Afghanistan’s government has proven incapable of offering effective protection for vulnerable populations. (Photo: United Nations Photo/ Flickr)

With nearly half of Afghanistan contested or controlled by the Taliban, the fall of a district to insurgents is hardly surprising. However, attacks by the Pashtun and Sunni militant group on Hazara districts are poised to escalate the ethnic and sectarian dimensions of the conflict.

Furthermore, with nearly universal female school attendance in these districts, the cost of capitulation by these communities to the Taliban’s limitations on women and other social freedoms are particularly high. For example, more than 50,000 students, including 23,988 girls, attend 105 schools in Jaghori alone.

A very important lesson which flows from the October-November 2018 attacks is that no part of Afghanistan can be considered safe. For years, the situation in Afghanistan has been quite extraordinarily fluid.

In stable societies, a robust framework of institutions typically exists to ensure order and to offer protections to citizens. What distinguishes war-torn societies from stable ones is not that conflict is endemic, but rather that institutional structures for the prevention of conflict are feeble or non-existent, meaning that what seems a safe place one day can turn into a battleground the next.

This is the situation in which Afghanistan finds itself.

The neo-patrimonial state that developed under President Hamid Karzai and persists under President Ashraf Ghani has proved incapable of offering effective protection for vulnerable populations. The international community, too, has been ineffective in confronting the problem of “sanctuaries” in Pakistan from which the Taliban operate with impunity. The Hazaras in Khas Uruzgan, Jaghori, and Malestan found themselves fatally exposed once the Taliban concluded that the time was opportune to move against them.

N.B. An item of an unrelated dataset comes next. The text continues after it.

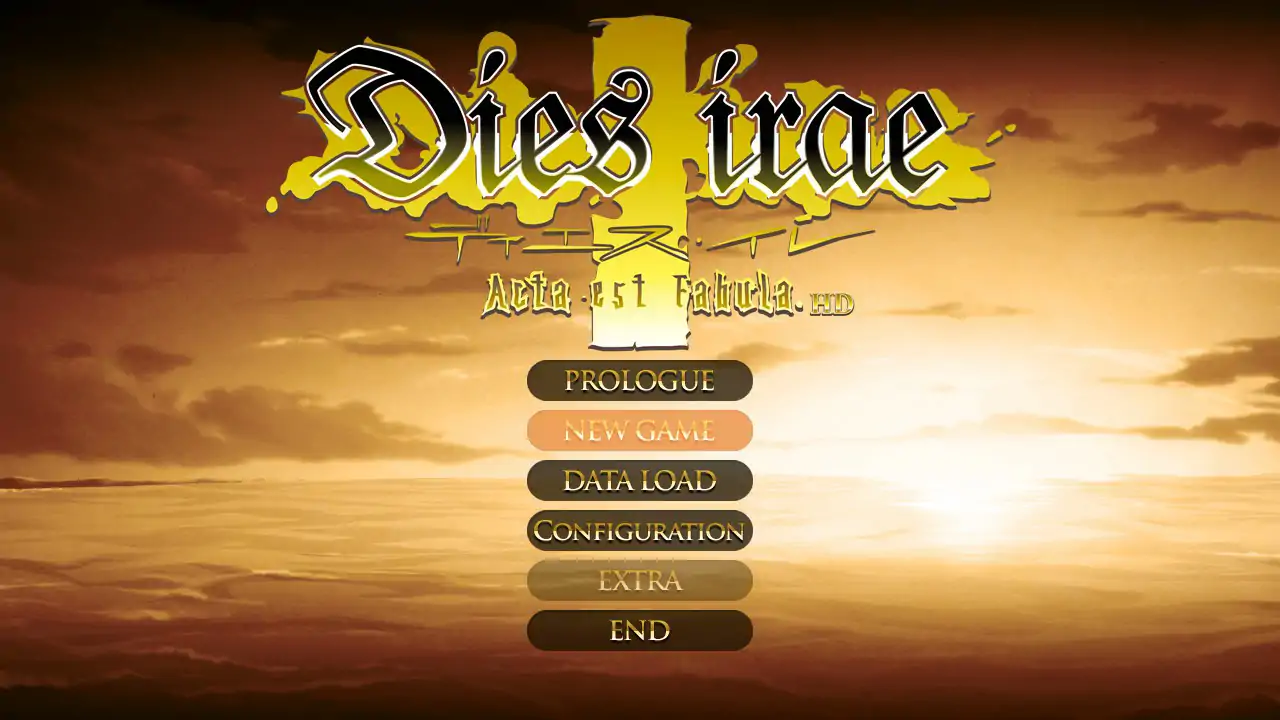 【日系ADV/官中/冒险】审判日 ~相爱的恋人们是痴狂者~ 官方中文版【PC/4.67G】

All this may seem a long way from Australia. But that is not actually the case. The vast majority of asylum seekers from Afghanistan who have sought protection in Australia in the last two decades have been of Hazara background, and many have come from the very districts now under attack.

So far, there has been an inclination among decision-makers who process asylum claims to treat areas such as Jaghori as safe. This view, always somewhat naïve, is now completely unsustainable. It would be an act of common decency for the government to put a moratorium on all removals of Hazaras to Afghanistan.